U.S. presidents have struck a similar pose while sitting in the Oval Office.

David Gergen, who has worked for four presidents and now teaches at Harvard's Kennedy School of Government, has brought Cuddy in to share her theories with his students.

"I thought she was on to some things," he said. "We don't verbalize it, we don't write about it so much, but we notice it."

"We don't learn this stuff in school," Braver said.

"No, we don't teach it, but you notice it if you are in the arena; you see it all the time," Gergen said.

He talked about working in the White House for Richard Nixon, who prepared himself before a Cabinet meeting: "Throw his shoulders back, put a big grin on his face and walk in -- boy, I'm ready for the world!

"Ronald Reagan had a lot of that -- his bearing made a big difference in how people thought of him; he walked John Wayne-like. Those things make a difference, and I thought Amy was on to some things that just weren't in the research."

It made a difference in Cuddy's own life in 2011, when friends put her in touch with a man doing his own power pose.

It was a pose that Cuddy compared to that which wild animals looking for a mate actually strike: "It does resemble, you might have noticed, a peacock with its tail feathers spread," she told Braver.

"So you thought he was searching?"

"I'm not immune to the effects that I talk about, so I think I fell for it," Cuddy laughed.

Cuddy and Australian data science analyst Paul Coster were married last year.

There has been some criticism of Cuddy's theories from other researchers, some saying that it only works in very specific kinds of circumstances.

Little, Brown

"I welcome challenges that help us grow the science and move it forward," said Cuddy. "The better we understand it, the better we can use it."

Cuddy points out that power posing can't magically give you knowledge or abilities that you don't already have. "It's personal power," she said. "It's about bringing your best self forward, [and] having the keys to unlock that best self and show it."

But what is really remarkable about Amy Cuddy is that she is able to do the work she does. While a sophomore in college, she was in a car crash. She was thrown out of the car, and suffered serious traumatic brain injury.

At one point she was told that she had a diminished brain function. "I had lost cognitive function. I had lost 30 IQ points," Cuddy said. "And I was told that I should probably figure out something else to do, that I was unlikely to finish college."

But she powered through, going on to get a Ph.D. in psychology from Princeton.

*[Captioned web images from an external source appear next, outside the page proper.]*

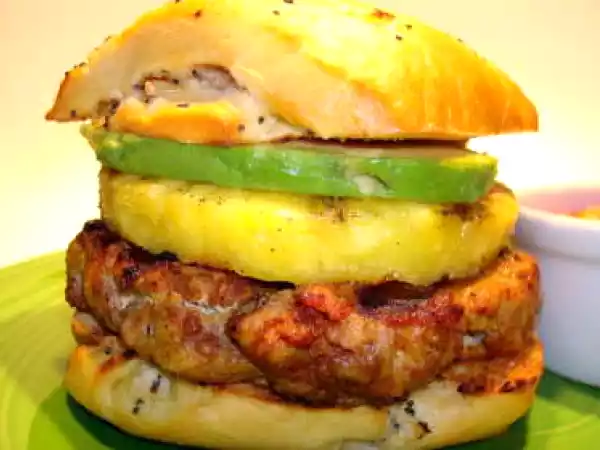 Recipe Pineapple-chorizo burgers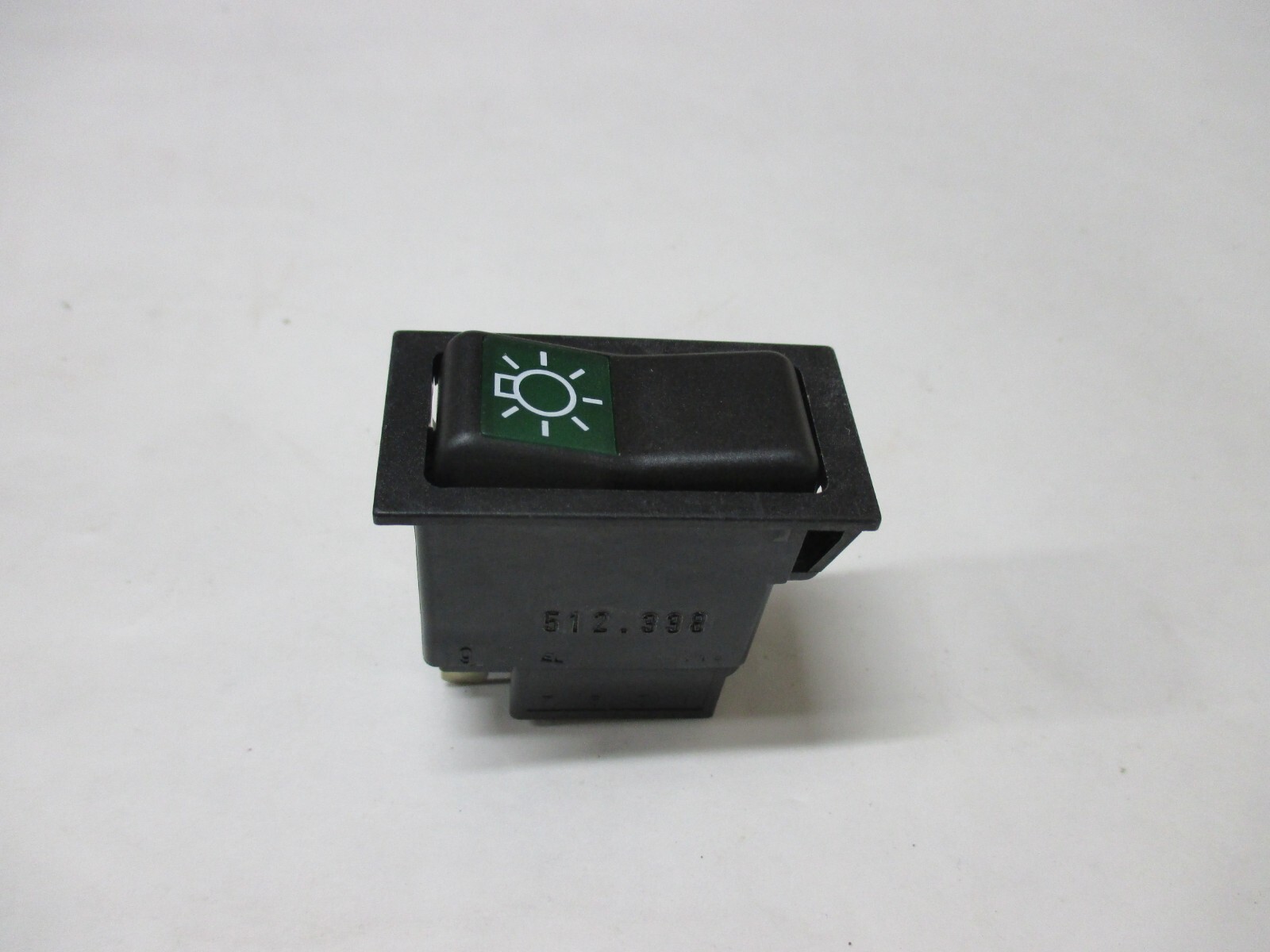83982993 NEW HOLLAND LIGHT SWITCH NEW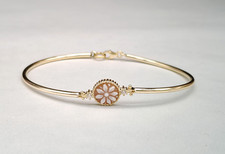 Women's Rigid Cameo Bracelet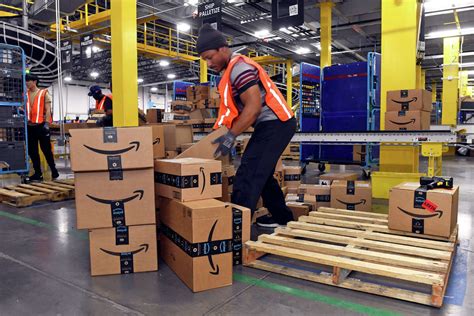 Amazon Ct Warehouse Hiring 1500 Additional Workers This Year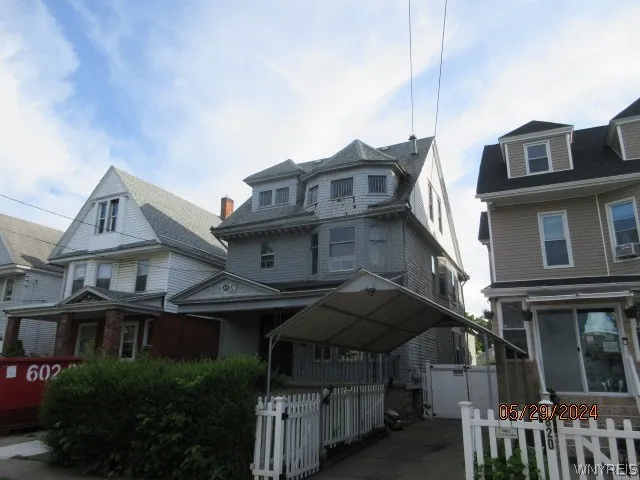 818 West Avenue, Buffalo, New York 14213, Buffalo, New York 14213, 5 Bedrooms Bedrooms, ,2 BathroomsBathrooms,Residential,Closed,818 West Avenue, Buffalo, New York 14213,0,B1554285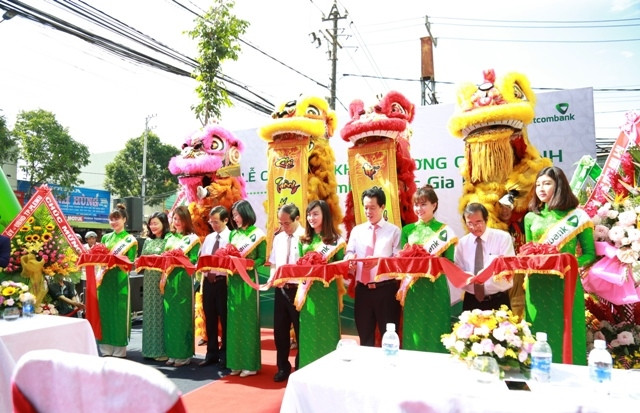 Các đại biểu cắt băng khai trương chi nhánh Vietcombank Bắc Gia Lai.
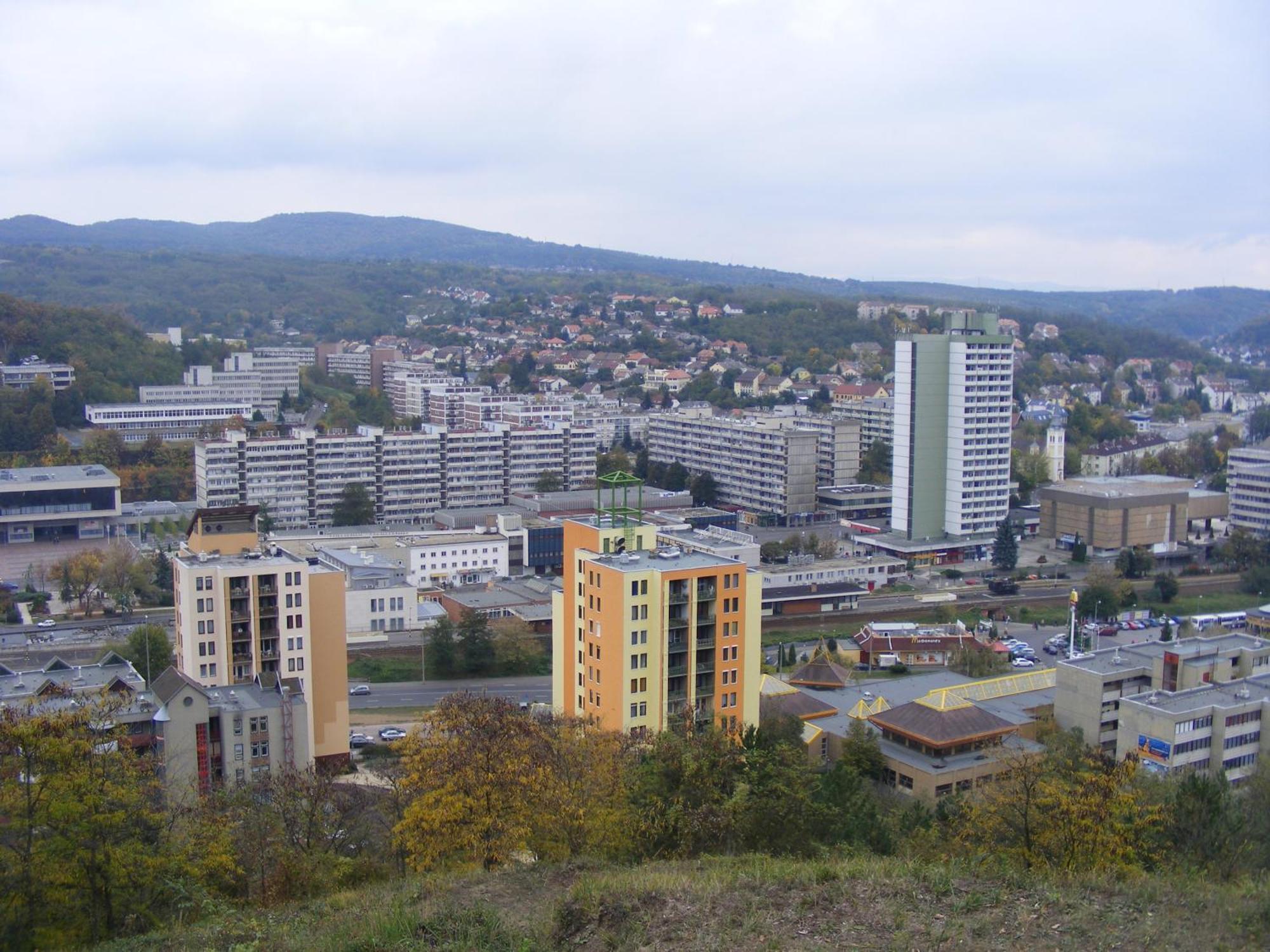 Goldapartman Salgótarján Εξωτερικό φωτογραφία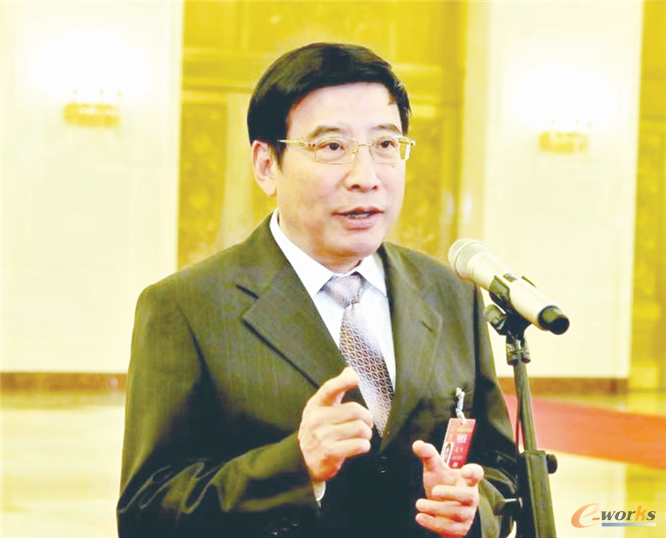 工业和信息化部部长苗圩在“部长通道”接受记者采访
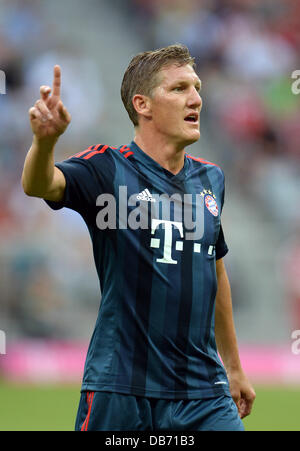 Monaco di Baviera, Germania. Il 24 luglio, 2013. Monaco di Baviera Bastian SCHWEINSTEIGER reagisce durante il test match Uli Hoeness Cup FC Bayern Monaco vs FC Barcellona nello stadio Allianz Arena di Monaco di Baviera, Germania, il 24 luglio 2013. Foto: Andreas Gebert/dpa/Alamy Live News Foto Stock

Yet she had a secret: She said she felt like an imposter, someone who didn't belong there.

And it was her dramatic confession of feeling like an impostor that mesmerized the audience at her TED Talk, when she spoke of trying to help a student with similar fears:

"She came in totally defeated and she said, 'I'm not supposed to be here.' And that was the moment for me. Because two things happened: one was that I realized, 'Oh my gosh, I don't feel like that anymore, I don't feel that anymore, but she does, and I get that feeling'; and the second was, 'She is supposed to be here,' like she can fake it. She can become it.
"So I was like, 'Yes, you are! You are supposed to be here! And tomorrow you're gonna fake it, you're gonna make yourself powerful!"

Now, they come to meet her, and write her from all over the world. And now, she says she has one major goal:

"How can I give it away to more people who can give it away to more people?" Cuddy said. "To me, that's where the energy is. I want everyone to know that they can have power."